Ao retirar terra de um terreno da Rua Florinda Fink, no bairro Cerâmica, em Erechim, Doglas Pavan estranhou o enorme buraco surgido. Até então, o empresário não imaginava estar sobre um túnel escavado por mamíferos gigantes há milhares de anos.
De acordo com pesquisadores, o Rio Grande do Sul é o Estado do Brasil que mais contabiliza esses labirintos subterrâneos - seria também a principal região do mundo. São mais de mil. Confirmado em outubro, o caso de Erechim é o mais recente, mas já há outros em estudo. Em um trecho das obras de duplicação da BR-116, entre Guaíba e Pelotas, suspeita-se que existam mais de cem paleotocas. Em 20 escavações - das 40 que deverão ser feitas nas margens da rodovia -, foram encontrados 85 túneis, conforme relata o geólogo Heinrich Frank. Sete devem ser pesquisados ainda este ano.
Referência no estudo desses labirintos que serviam de abrigos subterrâneos para animais pré-históricos, como tatus e preguiças gigantes, o professor da Universidade Federal do Rio Grande do Sul (UFRGS) também foi chamado à cidade do norte do Estado.

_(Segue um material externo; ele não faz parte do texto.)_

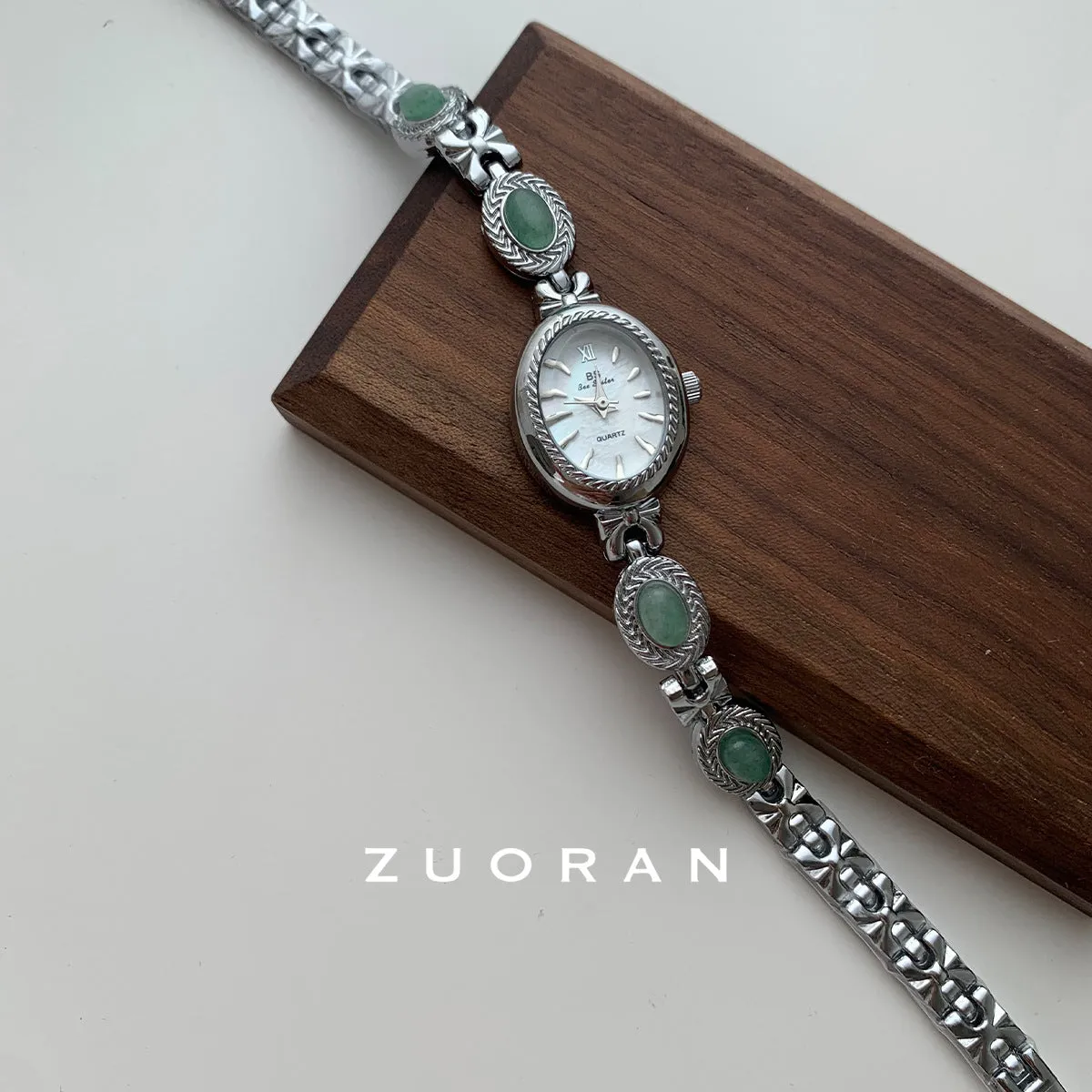 Green jade ladies quartz watch with silver case and white face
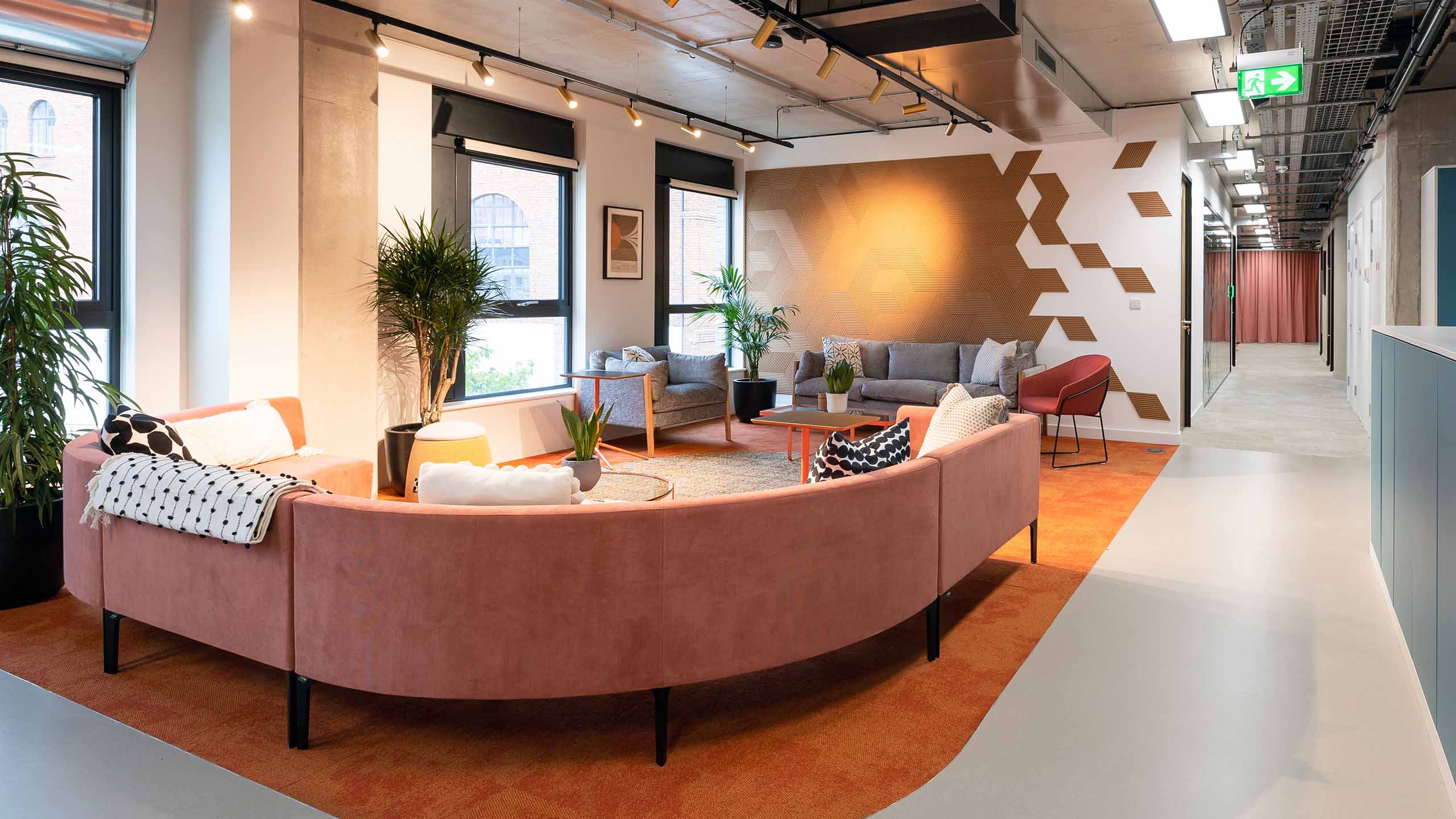 An office breakout space with large curved pink sofa and gold wall decal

Túneis são obra de animais como a preguiça-gigante, que viveu cerca de 20 mil anos atrás (Projeto Paleotocas/Divulgação)
- É uma das maiores já feitas, provavelmente somava cem metros de túneis - observa Frank.
O pesquisador explica que a maioria das paleotocas encontradas está completamente preenchida, pois não resistiu às interferências do tempo e da água.
- Os estudos sobre o assunto são muito recentes, e quanto mais túneis, mais poderemos saber do tema, que ainda tem muitos mistérios - esclarece Frank.
Um desses mistérios diz respeito à razão de se encontrar tantos labirintos pré-históricos no Rio Grande do Sul, já que os tatus e preguiças habitaram todo o continente. Os pesquisadores ainda não conseguiram apontar um motivo.
Pesquisadores encontraram marcas de garras, provavelmente de preguiça-gigante (Projeto Paleotocas/Divulgação)
Para se ter uma ideia, no Brasil, já foram localizadas paleotocas em Estados como São Paulo e Paraná, mas menos de 10 em cada um deles. Em Santa Catarina, há o registro de cerca de cem. Na Argentina, no Chile e na Bolívia também há possíveis registros, mas os estudos, de forma geral, ainda são muito recentes.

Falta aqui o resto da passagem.